First of all, the server removes the first hash value and the ISN chosen 
by the client. This is easily possible because the hash only depends on 
a server secret and the source/destination address/port and doesn't 
change over time. Then the upper 8 bits contain the count value and if 
this counter is one of the last four valid counter values, it is 
accepted. At that point the counter used for generating the SYN Cookie 
is known and the server can therefore calculate the second hash and 
subtract it from the cookie. The remaining value is the encoded MSS 
value. The Cookie is only accepted if this encoded MSS value is actually 
a number between 0 and 7.


III. Reduced cost of guessing due to multiple valid ISNs

Since the kernel encodes a counter and the MSS value in the ISN, there 
must be one valid ISN for every combination of a valid counter value and 
a valid MSS value. In current implementations there are 4 valid counter 
values and 8 possible MSS values. This gives a total of 32 valid 
combinations which will be accepted by the server at any given time. 
Each of this 32 combination results in one valid ISN and if the attacker 
guesses any one of them, the kernel will accept the ACK packet. This 
reduces the effort needed to successfully guess a valid ISN by the 
factor 32.

Since the server doesn't remember that he has received a SYN packet when 
using SYN Cookies, there is no need to actually send the initial SYN 
packet. If we start the connection by sending an ACK packet and guess 
one of the 32 valid ISNs, the kernel will process the ACK packet without 
noticing that he has never received a SYN packet from the client and 
responded with a SYN-Ack packet.

IV. Combination of ACK-Packet and Payload

Although the TCP standard assumes that the three-way handshake is 
completed before any data is sent, it is also possible to add data to 
the final ACK packet of the handshake [4]. This means that guessing an 
ISN and spoofing a full tcp connection with some payload data (such as 
an http request) can be reduced to sending out only one single packet. 
So the average number of packets required per successfully spoofed 
connection can be reduced to 2^32 / 32 (because the server accepts 32 
different ISNs at a time). At a packet rate of 300,000 pps (which can 
easily be achieved with gigabit ethernet) this amount of packets can be 
sent out in no more than 8 minutes (compared to the 12 hours calculated 
in section I).

V. Possible real-life applications of TCP Connection spoofing

Many application developers assume that TCP makes sure that the client 
IP address is actually correct and can't easily be spoofed. Being able 
to spoof the source address obviously creates significant problems when 
using the IP address for authentication e.g. for legacy protocols like 
RSH. Even if RSH has widely been replaced by more secure alternatives 
like SSH by now, there are still some applications where the IP address 
is used for authentication. For instance it is still common to have 
administrative interfaces which can only be accessed from certain IP 
addresses. Another widespread usage of IP addresses for authentication 
is that many web applications bind the session ID to a specific IP 
address. If the session ID can be stolen by other means, an attacker can 
use the method described here to bypass this IP address verification.

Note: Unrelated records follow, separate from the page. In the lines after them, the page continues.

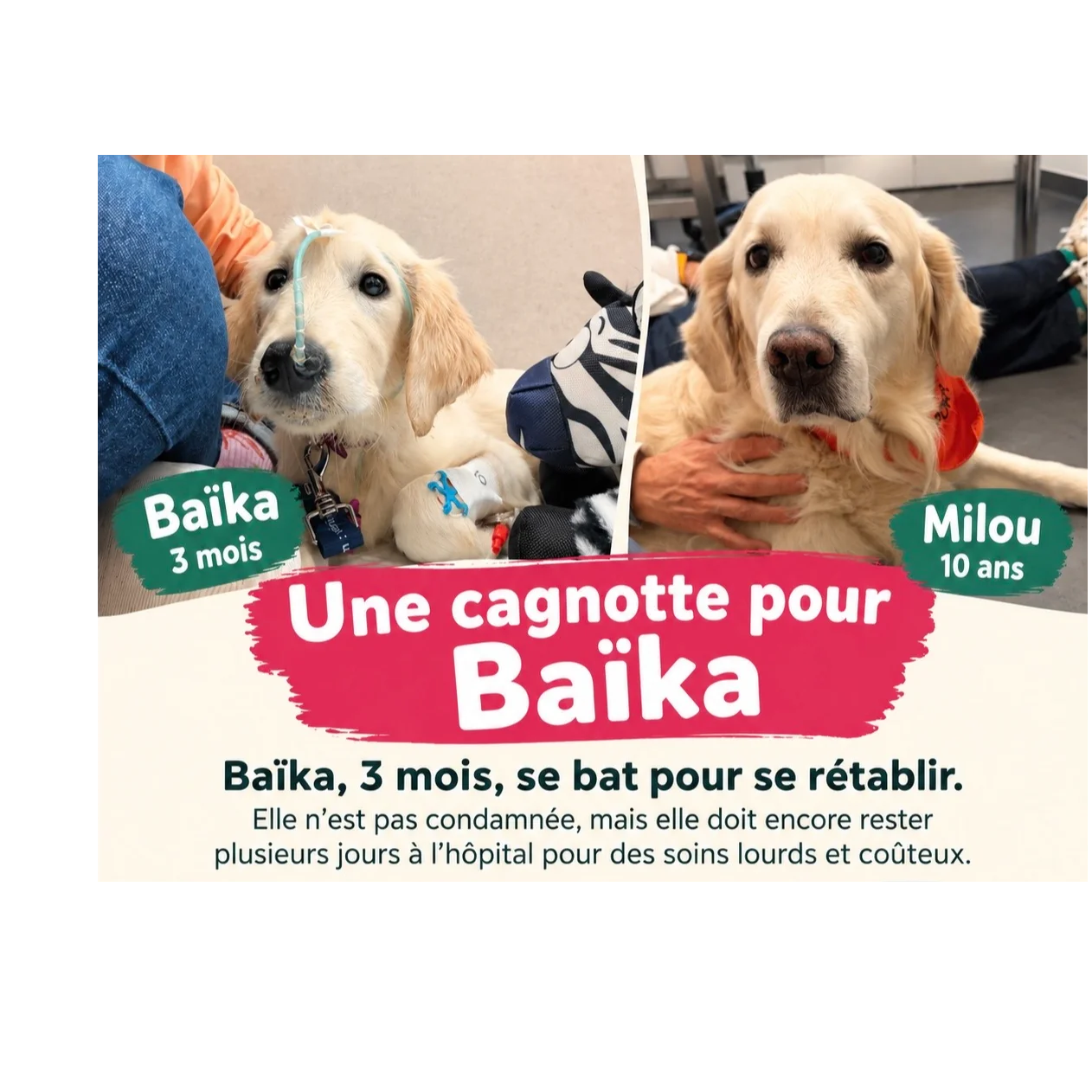 cagnotte santé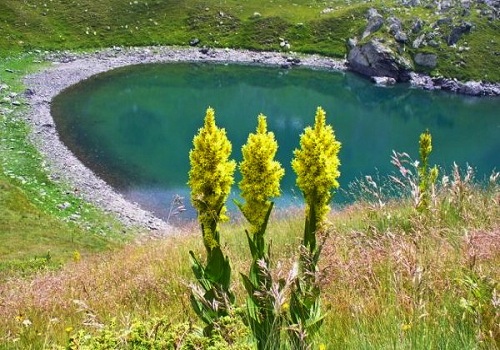 jazinacko jezero sar planina 10745733003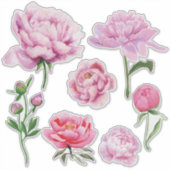 エレガントなピンクの芍薬 シール (正面)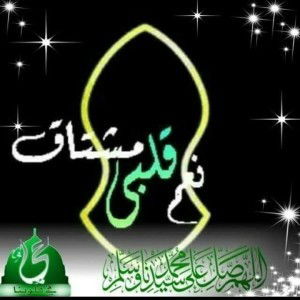 Mukena Tarim Hadromaut profile icon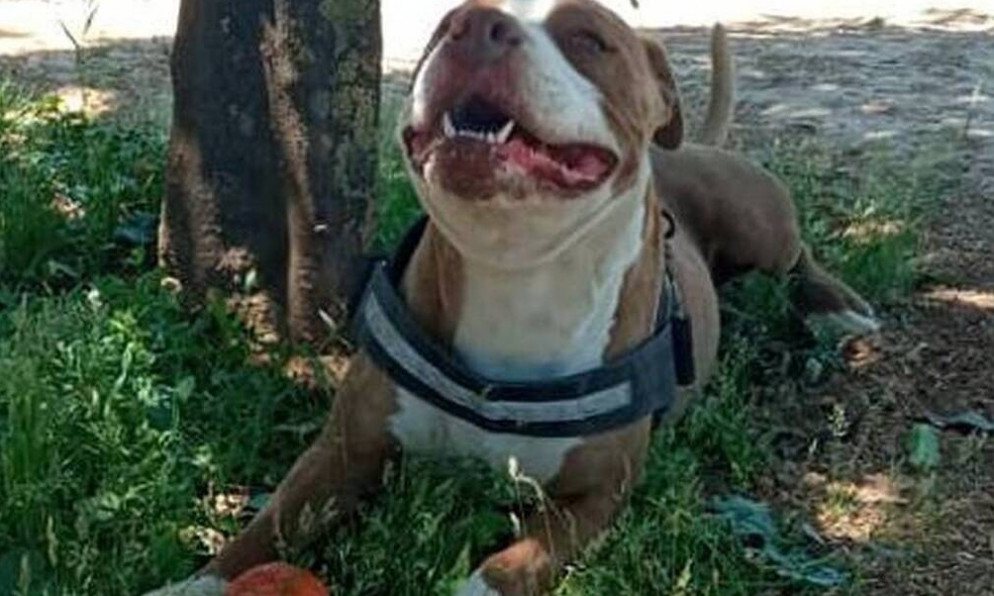 Ρεπορτάζ Newsbomb.gr: Είχε δικαίωμα ο αστυνομικός να πυροβολήσει το πιτ μπουλ; Τι απαντά ειδικός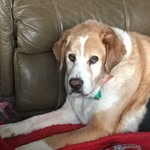 Cade Fuller - @fuller2nd - Instagram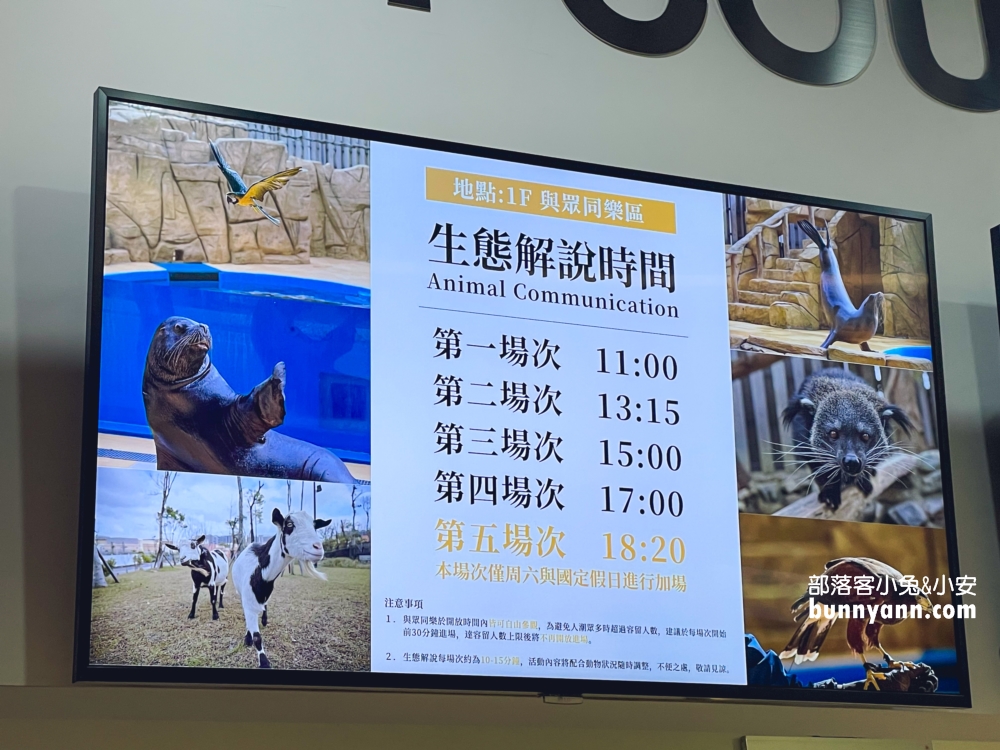Xpark生態解說時間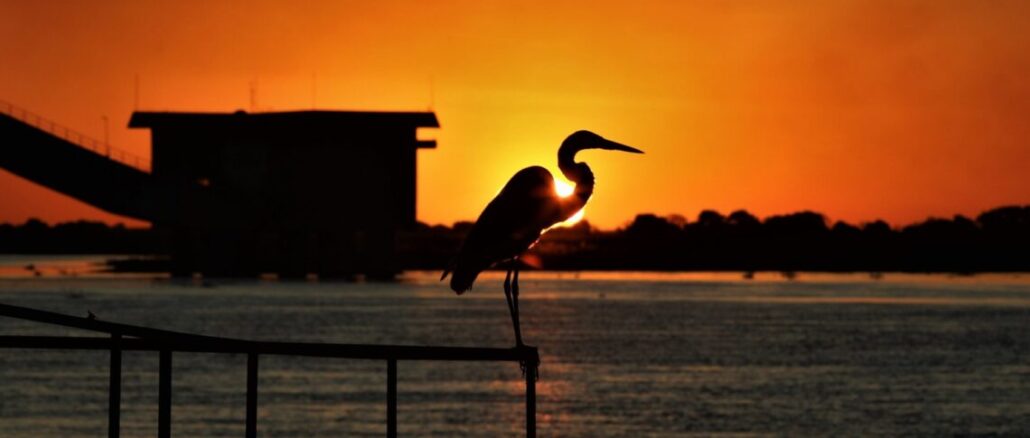 Foto: Saul Schramm | Pantanal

Aside from actually using IP addresses for authenticating requests, it 
is also quite common to log IP addresses, which may then be used to 
track down initiators of objectionable requests such as exploits, 
abusive blog comments or illegal file sharing traffic. Using the 
technique described here may allow planting false evidence in the logged 
IP addresses.

Being able to spoof IP addresses also allows bypassing SPF e.g. when 
sending spear phishing mails in order to give the phishing mails the 
additional credibility of a valid SPF sender address, which may help to 
bypass email filtering software.

An obvious limitation of the technique described here is that when 
spoofing the IP address, you can only send a request (which may result 
in persistent changes on the server) but not receive any responses sent 
by the server. For many protocols it is however possible to guess the 
size of the server responses, send matching ACK packets and transmit 
multiple payload packets in order to spoof a more complex protocol 
interaction with the server.


VI. POC Exploit and real-life performance measures

This section describes the steps needed to actually carry out the attack 
and contains full POC code. For my experimental setup the server used 
the IP address 192.168.1.11 and port 1234. The attacker system was 
located in the same local subnet and the spoofed IP address was 
192.168.1.217.

First of all, even if SYN Cookies are enabled in 
/proc/sys/net/ipv4/tcp_syncookies (which is the default for various 
linux distributions), the system will still use a traditional backlog 
queue for storing half-open connections and only fall back to using SYN 
Cookies if the backlog queue overflows. The main reason for this is that 
storing information about connection requests allows full support of TCP 
Options and arbitrary MSS values (which don't have to be reduced to one 
of 8 predefined values). The backlog queue size is 2048 by default and 
can be adjusted via /proc/sys/net/ipv4/tcp_max_syn_backlog. So in order 
to actually carry out the spoofing attack, we have to intentionally 
overflow the backlog queue by doing a Syn-Flooding attack. This can be 
done e.g. with the hping3 command:

hping3 -i u100 -p 1234 -S -a 192.168.1.216 -q 192.168.1.11

Experiments have shown that running hping3 in parallel to the actual ISN 
brute-forcing does significantly reduce the packet rate even if hping3 
is configured to use only a small fraction of the packet rate of the ISN 
brute-forcing tool. In order to achieve the maximum packet rate 
possible, it is therefore more efficient to run hping3 in regular short 
intervals. The following command sends out 3000 SYN packets in a short 
burst once a second:

while true;do time hping3 -i u1 -c 3000 -S -q -p 1234 -a 192.168.1.216 
192.168.1.11;sleep 1;done

The source IP address used for this SYN-Flooding attack should not 
respond with a RST packet or return an ICMP Destination Host Unreachable 
message so that the queue entries aren't freed before they time out. On 
linux you can easily add another IP address to a network interface and 
block all traffic coming to this IP address in order to prevent it from 
responding with RST packets:

ifconfig eth0:1 inet 192.168.1.216 netmask 255.255.255.0 up
iptables -I INPUT --dst 192.168.1.216 -j DROP

I've used the same commands to set up the IP address 192.168.1.217, 
which is the IP address I wanted to spoof. This makes sure that sending 
responses to the spoofed address won't lead to a RST packet or an ICMP 
Destination Host Unreachable packet, which may lead to a premature 
termination of the connection and the processing of the spoofed request 
in the server software.

ifconfig eth0:2 inet 192.168.1.217 netmask 255.255.255.0 up
iptables -I INPUT --dst 192.168.1.217 -j DROP

In a real world attack, the same goal can also be achieved by issuing a 
(D)DOS attack against the spoofed IP address.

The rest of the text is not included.